Problem description: The lines from the one holding "Attack On Titan Backpack" to the final line of the listing below are to be duplicated exactly, with both ends included and pictures omitted.

Available data:
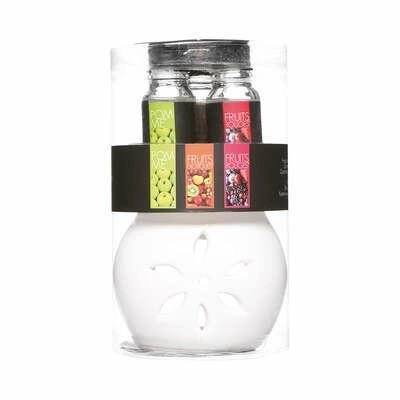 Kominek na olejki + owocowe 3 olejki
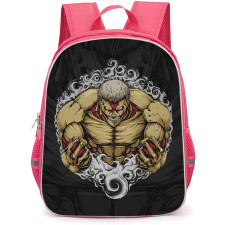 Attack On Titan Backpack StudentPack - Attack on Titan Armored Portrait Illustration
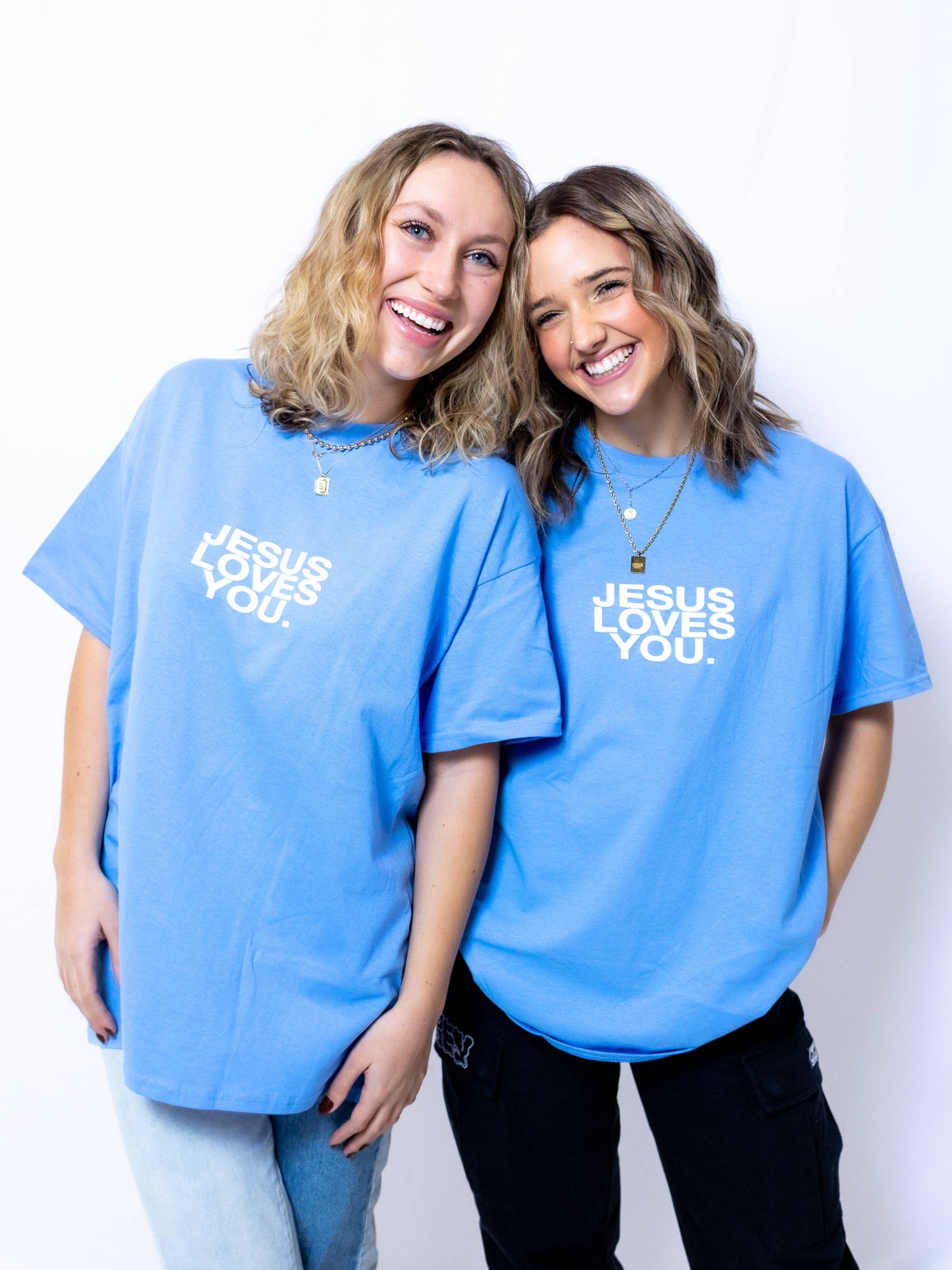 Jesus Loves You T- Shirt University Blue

Solution to this exercise:
 Attack On Titan Backpack StudentPack - Attack on Titan Armored Portrait Illustration
 Jesus Loves You T- Shirt University Blue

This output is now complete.